Thinking in a new language can provide all-new perspectives
There is a term in linguistics called linguistic relativity (also popularly known as the Sapir-Whorf hypothesis), which asserts that the language you speak influences the way you perceive reality. This can affect everything from your philosophical and psychological outlook to the understanding of basic (yet essential) concepts such as colours, time and emotions. While this relativity tends to stem from your mother tongue, the addition of a second language can help you to see the world from new perspectives and guide your mind in directions that otherwise may have remained concealed.
While many of the effects of linguistic relativity are experienced unconsciously, the phenomenon can come in handy when conceiving of metaphors, similes, idiomatic phrases, allegories, etc. when writing. Instead of casting around for the same tired imagery and stock phrases, the ability to switch into a different language and view the world from its perspective can result in terminology that sounds fresh, novel, even exotic.
I have two examples to show what I mean. While both involve writers who grew up speaking two languages, they nevertheless point to the effect a second tongue can have on the way certain situations, products and concepts are described.
First up is Chinua Achebe. In Things Fall Apart, he states:
“Proverbs are the palm-oil with which words are eaten”
This metaphor hints at Achebe’s background as a Nigerian, and we can assume his native language of Igbo probably played a role in coming up with it (fun fact: Nigeria is the largest consumer of palm oil in Africa).
He also writes:
“When a man is at peace with his gods and ancestors, his harvest will be good or bad according to the strength of his arm”
That’s a grand statement. And it’s one that could only be written by a person who speaks a language ascribing great importance to ancestors and harvests (whereas I would say both are more ‘out of sight, out of mind’ in the English-speaking world).
Another strong example of linguistic relativity in effect can be seen in The Sympathizer, the debut novel of Viet Thanh Nguyen.
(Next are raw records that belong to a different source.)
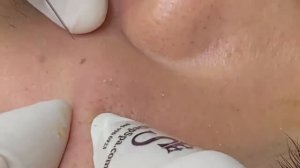 Чистка лица: глубокие черные точки и стержни SDS#165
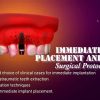 OHI-S Immediate Implant Placement and Loading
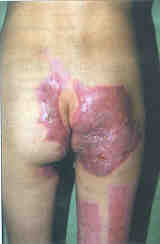 Fig. 611-yearold boy: shrinking of the perianal region.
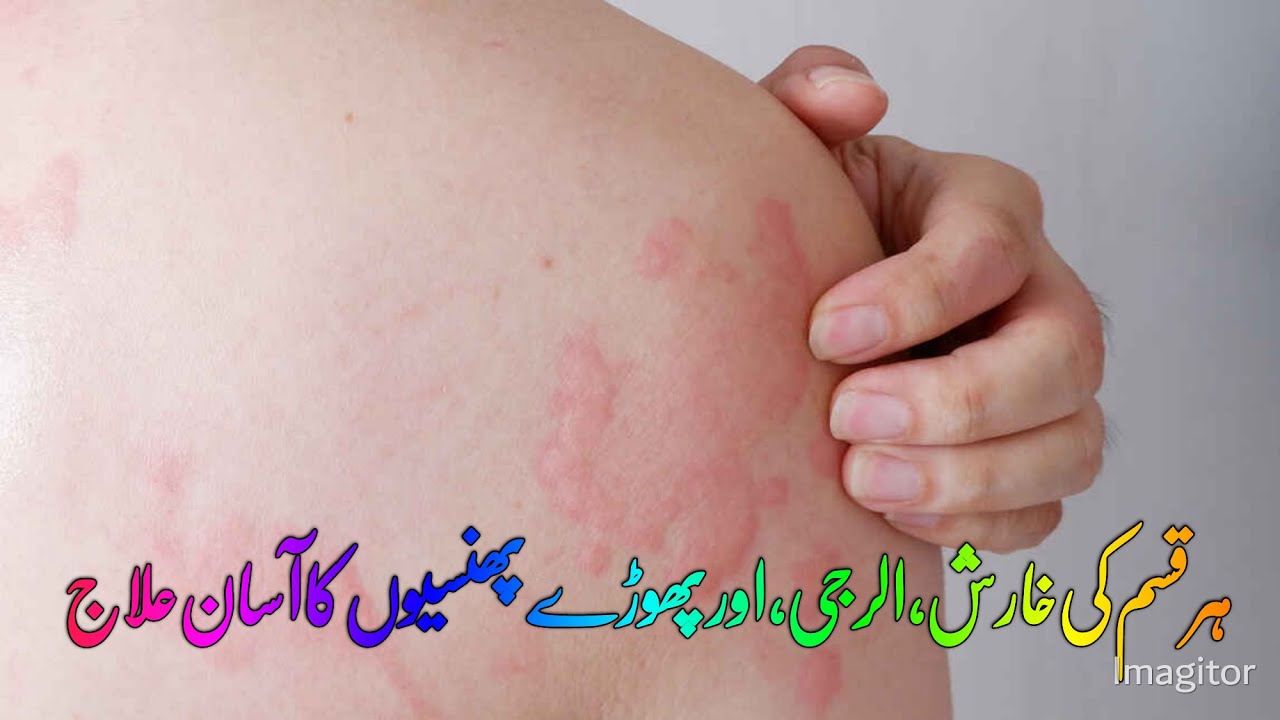 Kharish Ka Asan Ilaj Skin Allergy Easy Herbal Treatment Skin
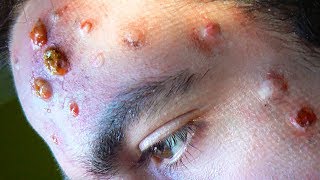 Worst Cystic Acne Thick Whiteheads amp Blackhead Removal 💯💯💯 [upl. by Buatti]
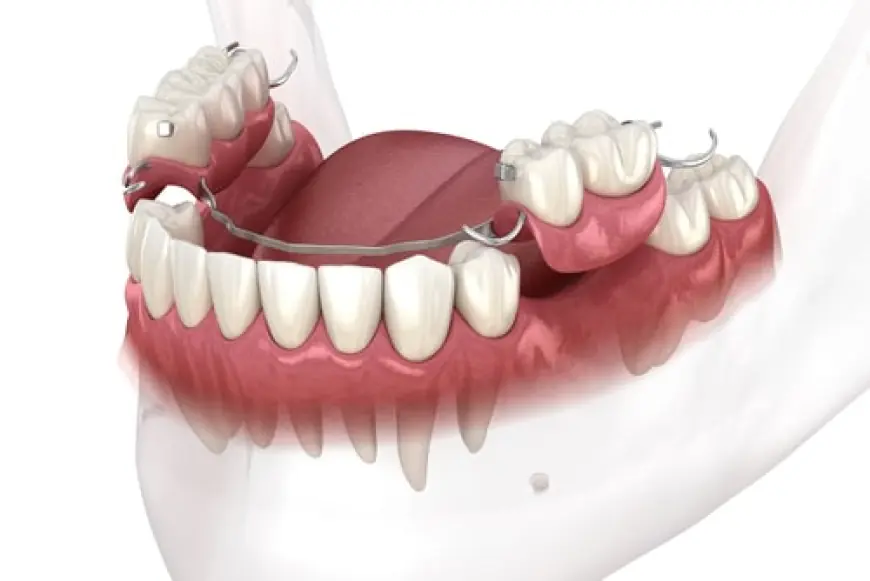 Single Tooth Dentures – Cost, Benefits & Procedure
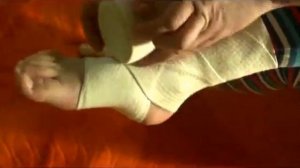Десмургия. Повязка на пятку, голеностопный сустав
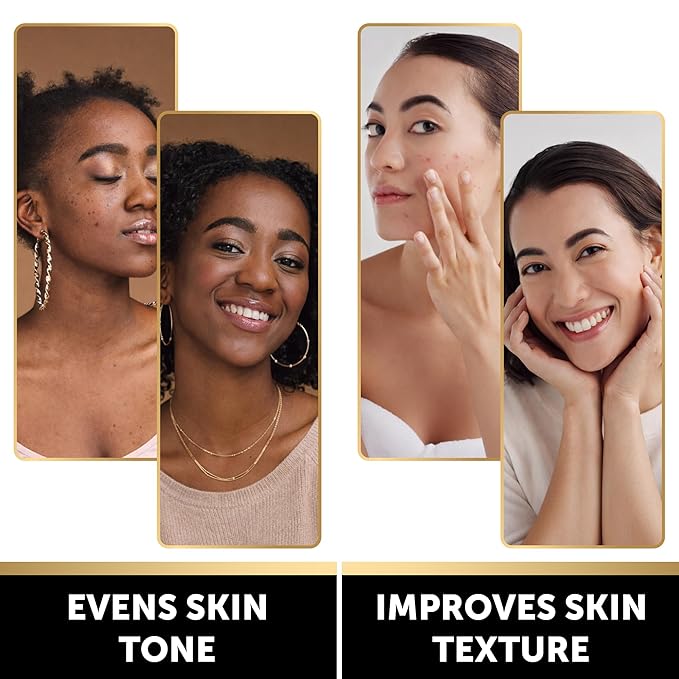 VALITIC Brightening Lemon & Turmeric Kojic Acid Soap with Vitamin C, Retinol, Collagen - Original Japanese Complex Infused with Hyaluronic Acid, Vitamin E, Shea Butter, Castile Olive Oil (4 Pack)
As a Vietnamese-American, Nguyen was born in Vietnam but fled to the USA with his family after the Fall of Saigon in 1975. As a result, he grew up speaking both Vietnamese and American English. In The Sympathizer, the protagonist’s reflections and descriptions of life in the USA are constantly underscored with allusions to a different existence. In a half-page ode to fish sauce, Nguyen compares it to the collapse of South Vietnam, with the protagonist saying that the Vietnamese food in the US is:
“just wrong enough to remind us that the past was forever gone, missing along with the proper variety, subtlety and complexity of our universal solvent, fish sauce […] the grand cru of Phu Quoc Island”.
It’s a comparison a writer with an exclusively English background could never make. And, even though this is a special case that probably shouldn’t be co-opted by a Caucasian author anyway, the fact remains that a second language can unlock doors when it comes to seeing and describing situations from novel angles.
I reckon Goethe has the last word here: “Those who know nothing of foreign languages know nothing of their own.”